Keep Bad ASR Out of My New Dumb Car
I need to buy a new car soon, since my current car costs more and more to keep running. This is an important purchase for two reasons: First, I enjoy driving; second, other drivers are trying to kill me.
I drive a mid-engine two-seat convertible with a Lotus engine on a Lotus frame, with a top speed of 55 miles per hour—in second gear. For those of you who don't use a manual transmission—only 7 percent of cars in the United States are sold with them now—this means when you stomp on the accelerator, the car responds. Quickly.
But driving a sports car can get me out of trouble. I recall a recent encounter with a driver whose couch dropped off a trailer. The furniture was sitting in the middle lane—my lane—of a three-lane highway, just as I came around a curve, traveling over 70 miles per hour. I was able to maneuver around it with ease.
Why buy a car now? In part to shop in advance of a need so there won't be time pressure when my present car gives up the ghost. But also because I want to find a nice dumb car.
For example, my car used to have Daytime Running Lights. This "safety" innovation sounds like a good idea to a city slicker—clearly someone who's never almost not hit a deer when it froze in the middle of the road because of oncoming headlights. This feature keeps your car's lights on no matter what. I disabled them on my current car. Will a new car let me?
I also dread the collision avoidance feature: sensors and automated braking systems to avoid obstacles. Would collision avoidance have applied the brakes when I encountered the couch? What about the time a car spun out of control into my lane from two lanes over—could I have accelerated into the next lane and out of the way?

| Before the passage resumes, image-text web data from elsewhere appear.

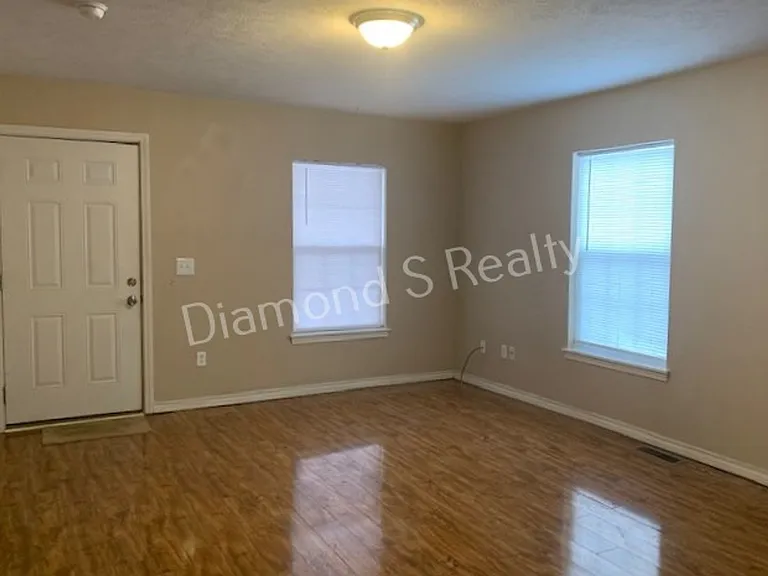 647 W Central St — Photo 3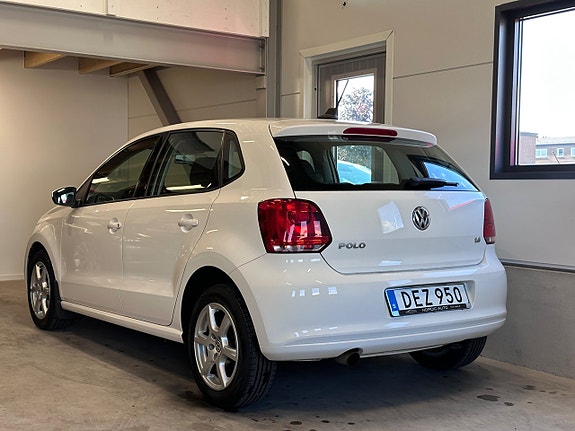 Volkswagen Polo 4 of 13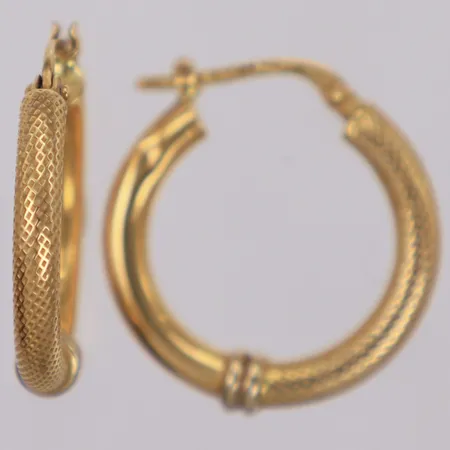 Ett par örhängen, Ø22,3mm, bucklor,18K. Vikt: 2,3 g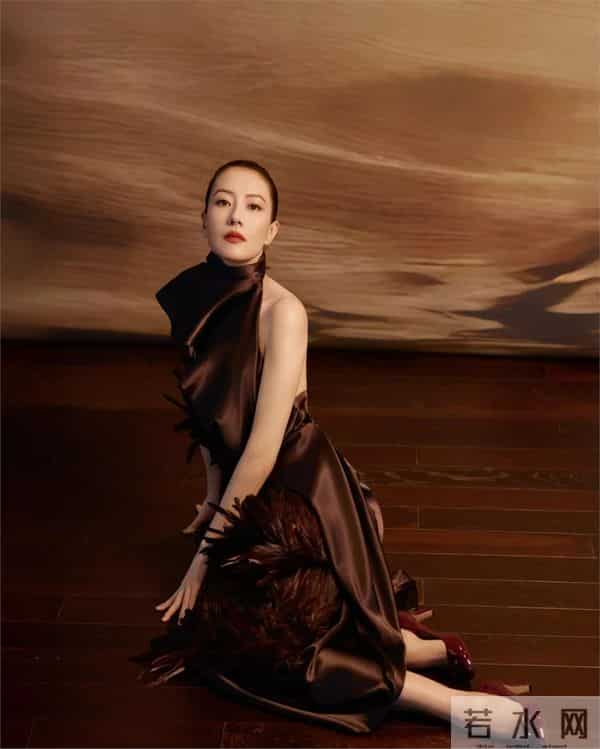 46岁高圆圆活动生图:脸上褶子多含胸驼背,她身边整容脸网红惊艳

Looking down the road, I will not ride in a self-driving car for at least five years after commercial release, and never for a month after any major software update. I can just imagine the bug reports: "If you make a left-hand turn onto a street that has a name that begins with a consonant on the last day of month with an odd number of days, then if you make a right-hand turn the next day onto a street with a name that begins with a vowel...".
As for the user interface, I want a dumb one of those, too. My sister's hybrid-electric car has a touchscreen interface that, each and every time she starts the vehicle, demands that she read a warning and agree to the terms. How she manages not to drive her fist through the screen is beyond me. Lawyers dictate the user interface?
Car manufacturers don't want anyone making changes to software, claiming that copyright protects it. At least for now, the right to tinker with software remains; but the law could change, and I could be stuck with an unmaintainable user interface.
Finally we turn to speech recognition. Late in 2014 the American Automobile Association (AAA) published a study of speech recognition systems in various cars. Now, I'd love to have hands-free control over my radio—it would let me keep my eyes on the road and my hands on the wheel. But according to the AAA, not all speech recognition systems are equal, and some introduce rather heavy cognitive load.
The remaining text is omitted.